"María tifoidea", la primera portadora asintomática de la fiebre que fue condenada a vivir 26 años en cuarentena
Boris Miranda (@ivanbor)BBC News Mundo
16 febrero 2020
Fue una de las mujeres más vilipendiadas en Estados Unidos a principios de siglo XX y su trágica vida se convirtió en un caso paradigmático de lo que son los portadores asintomáticos, aquellas personas que llevan los virus o bacterias de una enfermedad, pero que no muestran ningún síntoma de tenerla.

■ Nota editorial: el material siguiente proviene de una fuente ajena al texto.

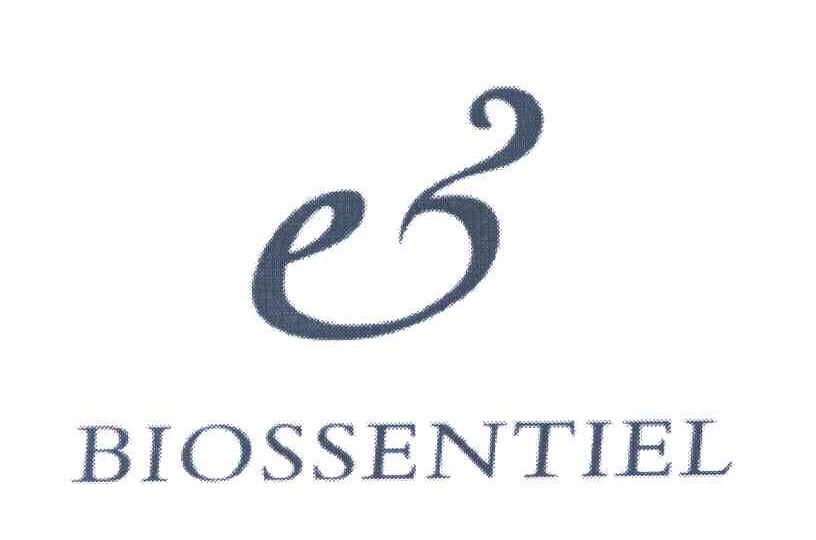 BIOSSENTIEL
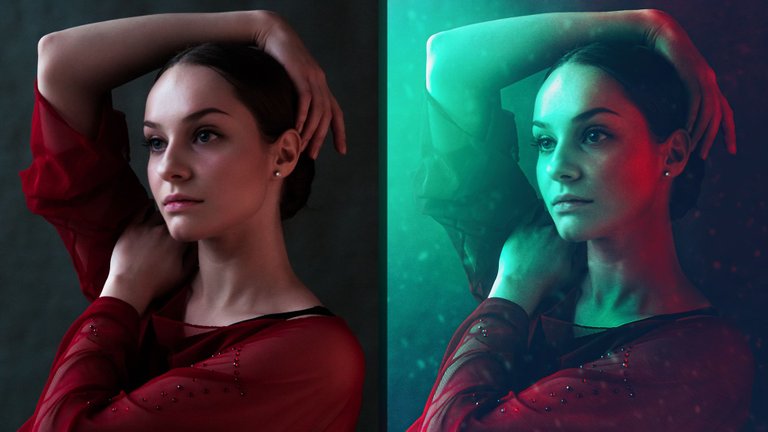 Fantasy-Dual-Light-Portrait-Editing-in-Photoshop.jpg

Mary Mallon contagió de fiebre tifoidea al menos a medio centenar de personas, de las cuales al menos tres murieron, y no fue sino hasta años después que se descubrió que ella era el elemento común entre los numerosos casos de contagio que desconcertaban a familias, autoridades y médicos en aquella época.
Una vez que se detectó que ella llevaba la bacteria infecciosa en su organismo, se convirtió en el primer portador asintomático identificado de la enfermedad que también es conocida como fiebre entérica.

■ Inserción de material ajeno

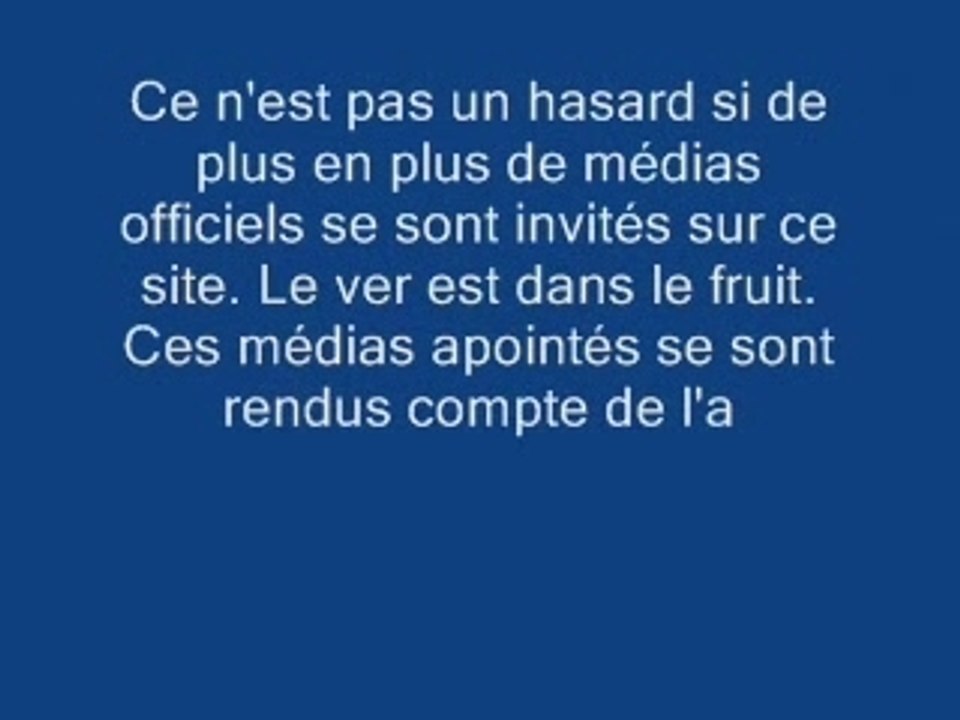 Video Pour ma-ph-ia - Liverpool, Milanc, AC,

Marginada y criticada, incluso llegó a cambiarse de nombre para seguir trabajando.
Finalmente fue conminada a vivir en una larga cuarentena hasta que murió.
Historia de una migrante
Mary Mallon era una inmigrante irlandesa que llegó a Estados Unidos en 1883, todavía siendo adolescente, para trabajar como cocinera y trabajadora doméstica.
Trabajó inicialmente en las ciudades de Nueva York y Long Island, donde se produjeron los primeros contagios y que hasta ese momento nadie los asociaba con ella.
Para 1907 ya eran 30 casos sin explicación alguna en la zona cuando se comenzó a rastrear las cadenas de transmisión de la enfermedad en búsqueda de la causa original.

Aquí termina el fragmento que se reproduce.